I skimmed over ScratchABlock's tests in order to learn the syntax of its PseudoC IR. I noticed that the conditional statements used there look like high-level ones (that is, there is no low-level condition registers or flags).

Usually, when coming from assembly, low-level conditions and branches are still present. They need to be transformed into corresponding conditional expressions. I wonder where and how do you perform such a transformation in your decompiler.

The main issue with low-level conditions and branches is that they are machine-dependent. It should be theoretically possible to obtain higher-level conditional expressions during the ASM->IR conversion but it comes with its own set of problems. The PowerPC architecture, for example, defines eight conditional registers that can be used to store conditional expressions across the procedure, so eliminating them would require to perform a non-trivial dataflow analysis in the front-end.

Existing decompilers use different strategies for dealing with this issue. The basic idea is to abstract away low-level condition suppliers and consumers. Boomerang, for example, utilizes several complex macros like SUBFLAGS, ADDFLAGS etc. in its RTL-like IR for describing the layout and behavior of processor-specific flags and conditions. They will be transformed to higher-level conditional expressions at later stages so the initial IR still contains low-level conditionals and branches.

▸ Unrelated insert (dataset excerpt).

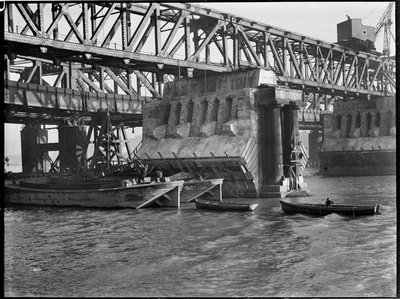 Rivning av Waterloo Bridge, Lambeth, Greater London Authority, 1936. av Charles William Prickett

As opposite, Hexrays decompiler seems to operate on a processor-independent, very low-level IR called microinstruction language that will be stepwise transformed to a higher-level IR. Each machine instruction that affects flags is split into several instructions setting each low-level flag separately like this:

setz EBX,,ZF
sets EBX,,SF

Unused conditional microinstructions will be eliminated during the optimization by means of DCE, all others will be combined with the corresponding branches to form conditional expressions. The above mentioned representation taken from earlier tutorials looks too x86-centric. I wonder which microcode Hexrays uses to decompile PowerPC targets.

To make matter even worse, x86 and PowerPC architectures are very different in regards to signed/unsigned comparisons. A x86 CPU recognizes the signedness during the branches by examining the combination of flags; PowerPC implements two different comparison instructions affecting the same flags differently for signed and unsigned operands - the signedness cannot be deduced from low-level conditions alone.

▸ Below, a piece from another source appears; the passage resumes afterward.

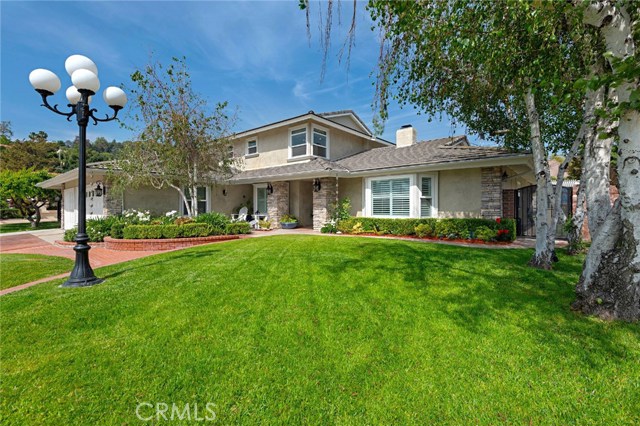 252 Whispering Oaks Dr, Glendora, CA 91741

Is ScratchABlock capable of dealing with machine-dependent conditionals (that is, transforming low-level concepts of flags and branches into the higher-level expressions like if (cond) goto label)? If yes, how is it implemented?

Thank you in advance! Cheers Max

pfalcon commented 6 years ago

Thanks for your interest and detailed write-up. As a quick response, did you have a chance to look thru doc for PseudoC: https://github.com/pfalcon/ScratchABlock/blob/master/docs/PseudoC-spec.md ? It would have some hints how that's supposed to be dealt with. But indeed, that matter should be covered more explicitly, let me do that first, then we can discuss it further if you're interested.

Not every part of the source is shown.